How very sad. I pointed out to him that ever since revolutionary days, our military people have been fighting, struggling, enduring terrible hardships, suffering life altering disabilities, even dying, so we could have the right to vote. Not many countries in the world do people have that privilege. In many, if not most countries, tyrants rule and the masses have little or no voice in the decisions that affect their lives.
Still, while our democracy may be the best form of government, it is not without flaws. The people we elect and the decisions we make at the ballot box can change lives, and on the national level can have worldwide, lasting ramifications, yet our choices are largely made by television and radio sound bites, and by slogans on mass mailings.
I believe only a small percentage of the electorate bother to really study the issues, to really understand the subtle nuances that may differentiate candidates. How many people really make the time in their busy lives to educate themselves on both sides of issues instead of just going along with their political party’s nominees and recommendations? It’s easier to curl up in front of the TV and watch some mind-numbing show.
When our forefathers were debating our constitution there was one school of thought that only landowners should vote. That the running of a country was too important to be left to uneducated men. Later, poll taxes were used to keep blacks and other minorities from voting. No one would suggest returning to such Draconian measures. But perhaps some kind of literacy test to determine a voter’s basic knowledge of how our country is run would not be such a bad idea. After all, should someone who’s intellect goes no further than watching situation comedies, who never reads a newspaper or magazine, who never considers opposing views, be trusted to decide on candidates and issues that could change the very course of history. I think there are probably millions of people voting who could not even pass a 6th grade civics class exam, yet their collective votes may impact the destiny of our nation.
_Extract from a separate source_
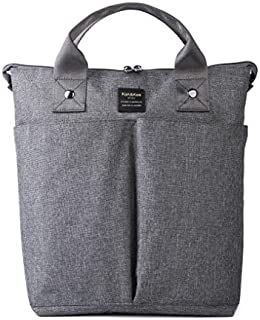 Kah&Kee Convertible Laptop Backpack and Tote Bag Handbag Concealed Strap Computer Compartment Travel School for Women Man (Gray)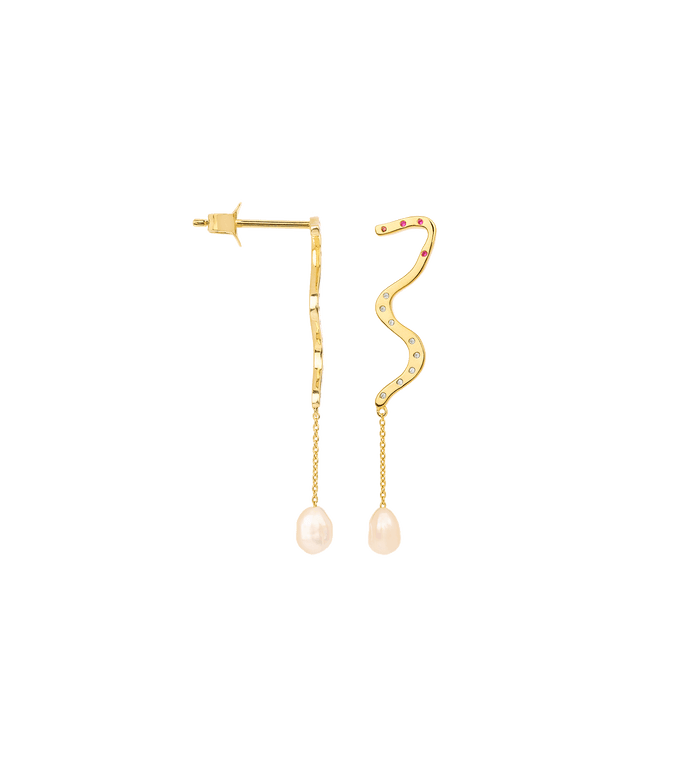 Anna Nina Single Milky Way Chain Stud Silver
I have a sister who tells me she is voting straight Democratic party because that is what Mom and Dad always did, and that is what all of her friends are doing. I think there must be many people, perhaps most people, who do the same, regardless of party. “I am voting Republican because my folks always have” is probably just as common as “I am voting Democrat because my folks always have”.
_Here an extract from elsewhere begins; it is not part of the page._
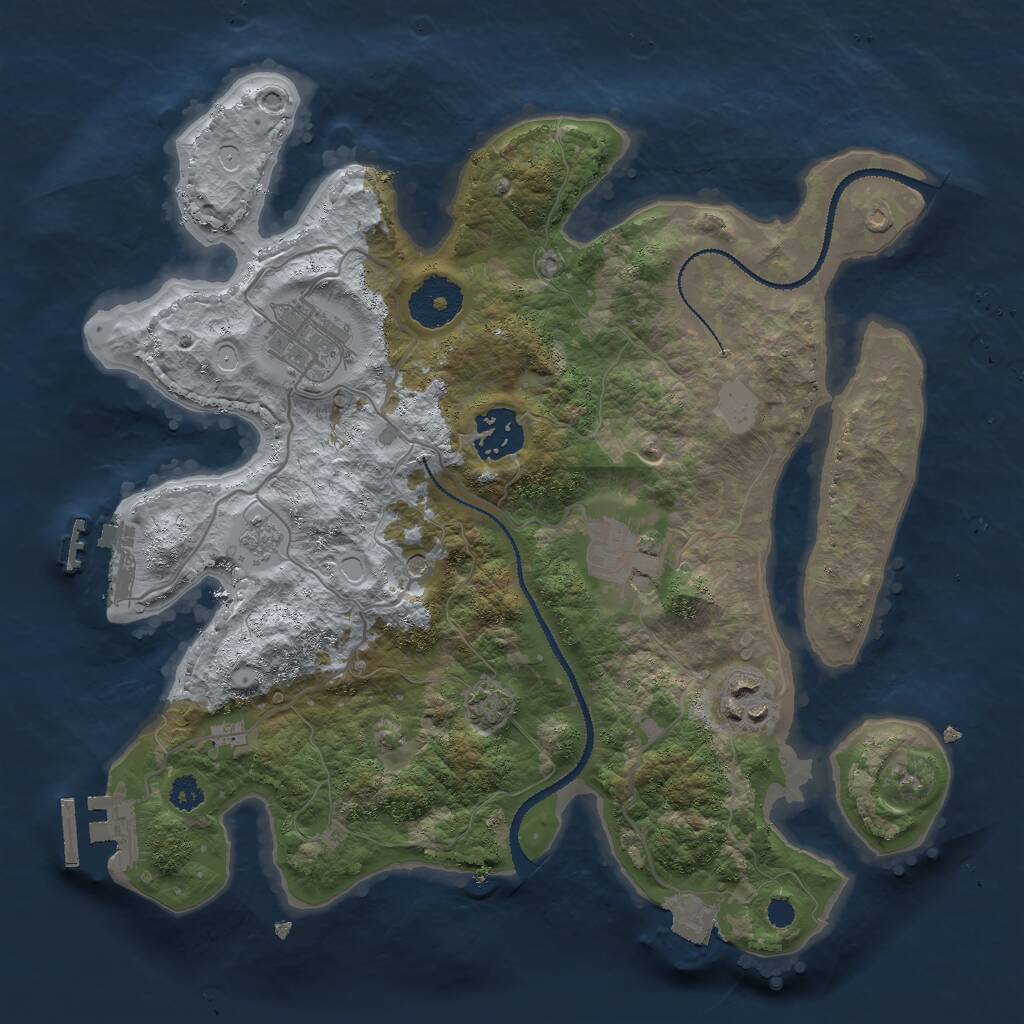 Rust Map: Procedural Map, Size: 3000, Seed: 1401741617, 10 Monuments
That is kind of like lemmings following their leaders off the cliff, rather than thinking for themselves. It is logical when one is young to do as their parent’s do, but when one becomes an adult they should think for themselves, not just do something because that is always the way it was done.
In fact, I don’t like labels. Sometimes I agree with the liberal view, sometimes with the conservative. Both sides usually have good arguments. Which is why I am a registered Independent. The trick is to study the issues and decide which candidate, or initiative has the most points you agree with. Chance are, at least in my case, neither side will always have all the best points.
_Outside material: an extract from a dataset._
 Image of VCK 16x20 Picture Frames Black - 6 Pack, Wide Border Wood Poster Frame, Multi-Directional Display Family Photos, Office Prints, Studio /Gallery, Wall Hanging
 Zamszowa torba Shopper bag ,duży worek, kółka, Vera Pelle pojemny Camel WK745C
“Don’t talk politics or religion”. You hear that often. My wife often preaches it to me. Because it may upset people. People just want to think happy thoughts. People want to talk about the latest movies or TV show, or where they are going on their next vacation. Again, how sad. As I have already written, we have the freedom to discuss politics in our country, something most of the rest of the world may envy. Ditto for religion. So, let’s do it. But let’s try to do it in a calm way, respecting each other’s opinions. But, let’s agree to disagree without becoming disagreeable.
I think we should relish the freedom to discuss politics’ - or religion. I don’t want to just hear from people who think the way I do, I want to hear all the arguments on both sides. That way I can more intelligently form an opinion.
Finally, I hope in the future candidates will tell us, in detail, what they plan to do if elected, not spend all their money and efforts telling us how bad their opponents are. I could run for office if I offer all the platitudes that have become standard - like I’m for more jobs, I’m for strong defense, I’m for education, I’m for lower taxes, I’m for a balanced budget, I’m for universal health care, I’m for dogs and cats and babies, etc etc. Fine, me too. Now please tell my specifically how you plan to accomplish all these things.